--- Source data ---

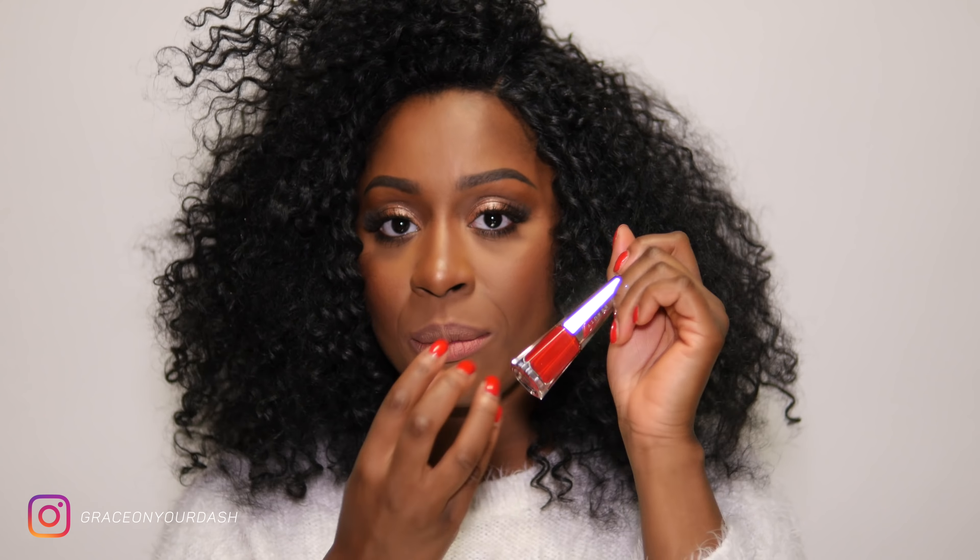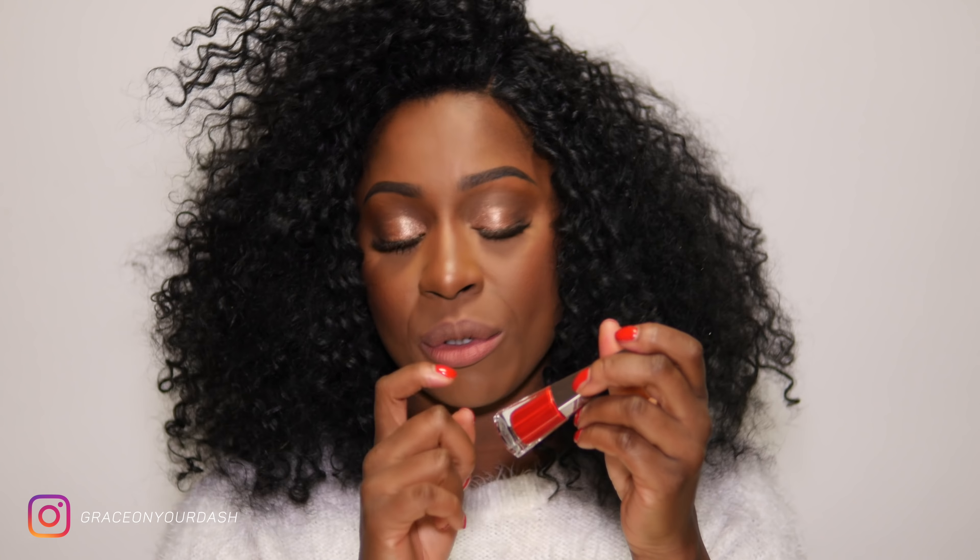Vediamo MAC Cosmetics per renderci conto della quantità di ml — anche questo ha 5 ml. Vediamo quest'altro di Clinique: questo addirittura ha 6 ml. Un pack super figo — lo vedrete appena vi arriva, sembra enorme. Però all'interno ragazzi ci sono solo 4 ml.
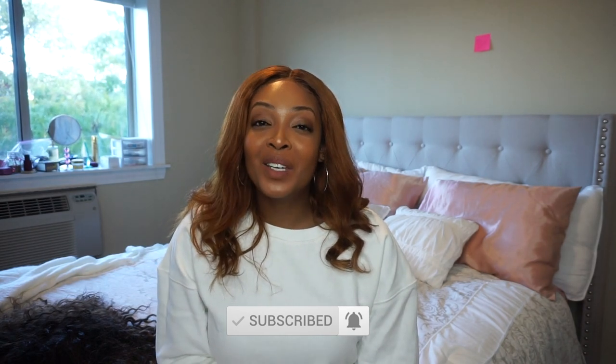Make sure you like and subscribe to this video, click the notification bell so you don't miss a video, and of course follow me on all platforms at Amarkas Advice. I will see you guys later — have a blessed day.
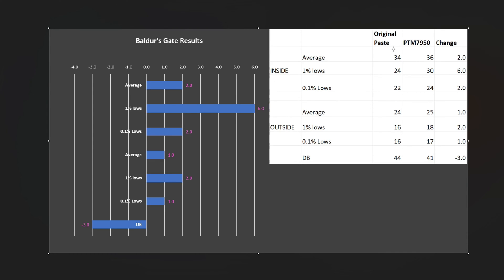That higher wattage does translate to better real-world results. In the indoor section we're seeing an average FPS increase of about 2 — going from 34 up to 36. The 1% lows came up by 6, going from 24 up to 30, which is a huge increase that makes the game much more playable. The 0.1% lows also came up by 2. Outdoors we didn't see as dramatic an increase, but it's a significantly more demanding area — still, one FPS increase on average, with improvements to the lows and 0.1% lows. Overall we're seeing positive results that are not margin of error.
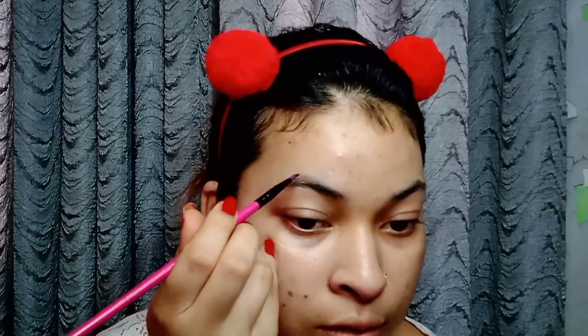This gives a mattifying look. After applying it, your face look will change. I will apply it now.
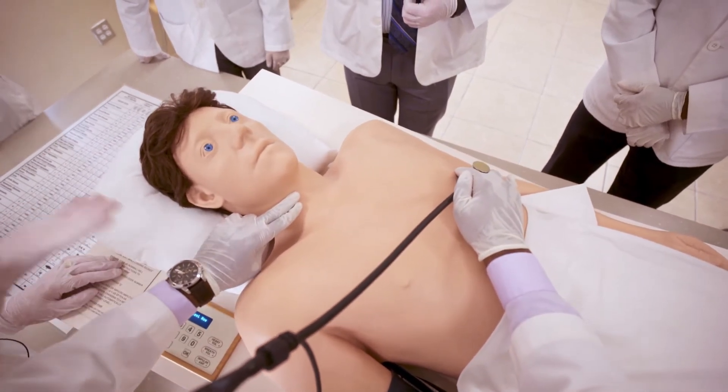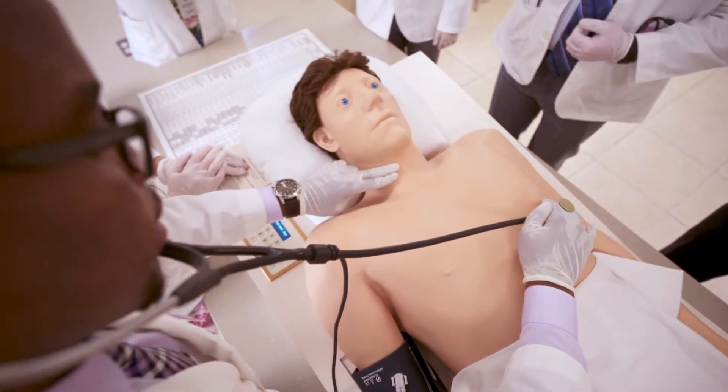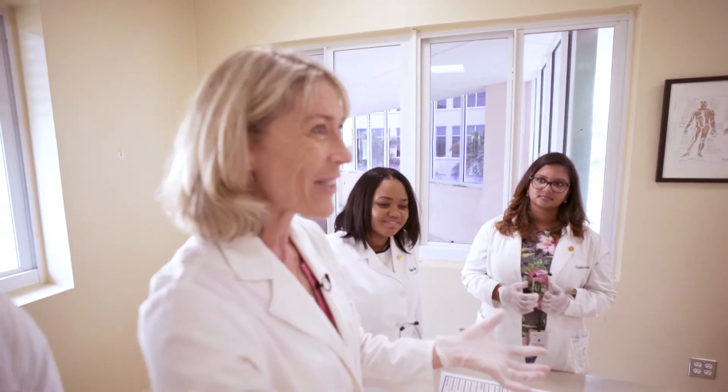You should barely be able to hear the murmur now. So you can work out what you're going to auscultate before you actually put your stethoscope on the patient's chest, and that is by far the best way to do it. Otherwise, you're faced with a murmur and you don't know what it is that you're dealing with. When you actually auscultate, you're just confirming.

---
--- Source data ---

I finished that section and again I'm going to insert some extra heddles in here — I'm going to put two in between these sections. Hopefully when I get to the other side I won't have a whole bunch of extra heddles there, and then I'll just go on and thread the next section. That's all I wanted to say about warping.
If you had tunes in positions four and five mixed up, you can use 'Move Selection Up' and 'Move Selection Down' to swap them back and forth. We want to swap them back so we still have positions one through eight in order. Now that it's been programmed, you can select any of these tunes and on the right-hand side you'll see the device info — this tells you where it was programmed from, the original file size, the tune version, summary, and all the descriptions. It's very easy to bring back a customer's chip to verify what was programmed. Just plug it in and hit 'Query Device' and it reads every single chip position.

---

Problem description:
Copy out the listing above from the line containing "Vediamo MAC Cosmetics" to the line containing "Make sure you", both included, exactly as written and minus the images.

Finished exercise:
Vediamo MAC Cosmetics per renderci conto della quantità di ml — anche questo ha 5 ml. Vediamo quest'altro di Clinique: questo addirittura ha 6 ml. Un pack super figo — lo vedrete appena vi arriva, sembra enorme. Però all'interno ragazzi ci sono solo 4 ml.
Make sure you like and subscribe to this video, click the notification bell so you don't miss a video, and of course follow me on all platforms at Amarkas Advice. I will see you guys later — have a blessed day.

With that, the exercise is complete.